Para los rosarinos que deciden emprender el viaje, la ruta principal implica transitar por la Autopista Rosario-Santa Fe, para luego empalmar con la Ruta Nacional 168 y cruzar el túnel subfluvial hacia Paraná. Desde allí, el trayecto continúa por la Ruta Nacional 127 y finalmente la Ruta Nacional 119, que conduce directamente al santuario. Según las autoridades de seguridad vial, se recomienda a los conductores particulares extremar las precauciones debido a la alta densidad de tránsito de camiones y la presencia de peregrinos a pie o a caballo en las banquinas cercanas a Mercedes.
El sector de transporte de pasajeros de media y larga distancia en la Terminal de Ómnibus Mariano Moreno ha reforzado sus frecuencias para estas fechas. Empresas de micros ofrecen servicios especiales que parten directamente hacia el santuario, una opción preferida por quienes buscan evitar el cansancio de conducir y la complejidad del estacionamiento en la zona de las festividades. De acuerdo a informes de las agencias de turismo religioso, los pasajes suelen agotarse con semanas de antelación, reflejando la magnitud de la convocatoria que genera el «santo popular».

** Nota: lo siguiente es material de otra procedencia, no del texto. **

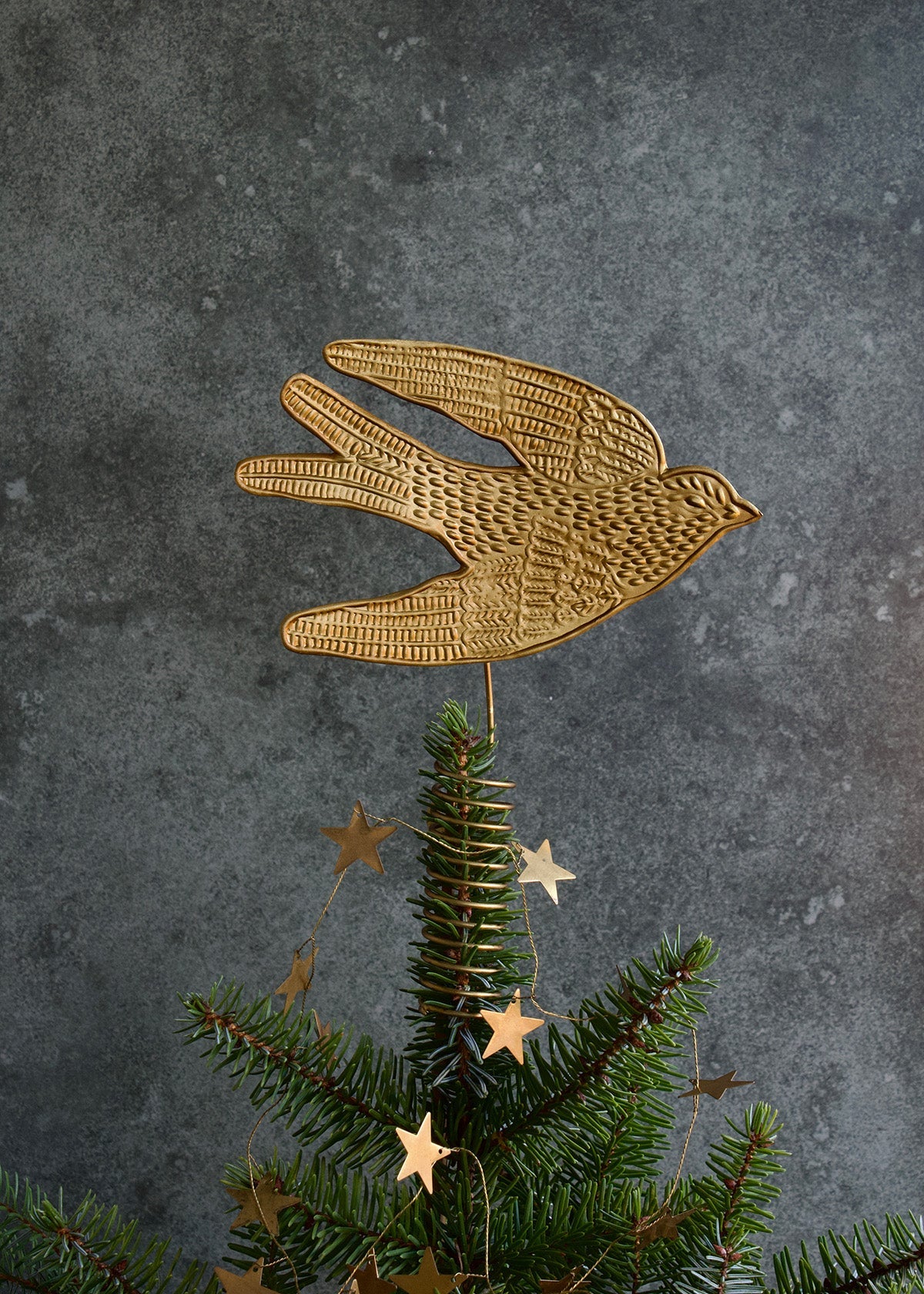 Gold bird ornament on a Christmas tree with a gray background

El santuario en Corrientes se transforma durante estos días en una verdadera ciudad efímera, donde los devotos cumplen sus promesas y agradecen los favores recibidos. Organizaciones de socorro y fuerzas de seguridad de la provincia de Corrientes despliegan puestos de hidratación y asistencia médica a lo largo del camino. Se aconseja a los viajeros llevar provisiones, vestimenta adecuada para el intenso calor del litoral y estar preparados para las demoras que suelen producirse en los ingresos al predio debido a la masiva concurrencia.

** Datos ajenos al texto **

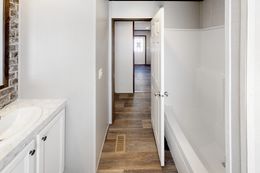 The BREEZE FARMHOUSE 72 Guest Bathroom. This Manufactured Mobile Home features 4 bedrooms and 2 baths.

Más allá de lo logístico, la peregrinación desde Rosario hacia Mercedes es una expresión de la identidad cultural del interior argentino. Sociólogos especializados en religiosidad popular destacan que el culto al Gauchito Gil atraviesa diversas clases sociales, uniendo a los fieles en un ritual de banderas rojas y ofrendas. Para muchos rosarinos, este viaje anual es una cita ineludible que refuerza lazos comunitarios y tradiciones familiares que se transmiten de generación en generación, convirtiendo la travesía en una experiencia espiritual compartida.
La jornada concluye habitualmente con el regreso de miles de vehículos hacia sus lugares de origen, lo que requiere una planificación similar para evitar congestionamientos. El impacto económico en las estaciones de servicio, paradores y comercios a la vera de las rutas es notable, evidenciando cómo la fe también motoriza las economías regionales. Mientras los peregrinos regresan a Rosario con sus cintas rojas bendecidas, la promesa de volver el próximo año ya comienza a gestarse, manteniendo viva una de las tradiciones más potentes del norte y centro del país.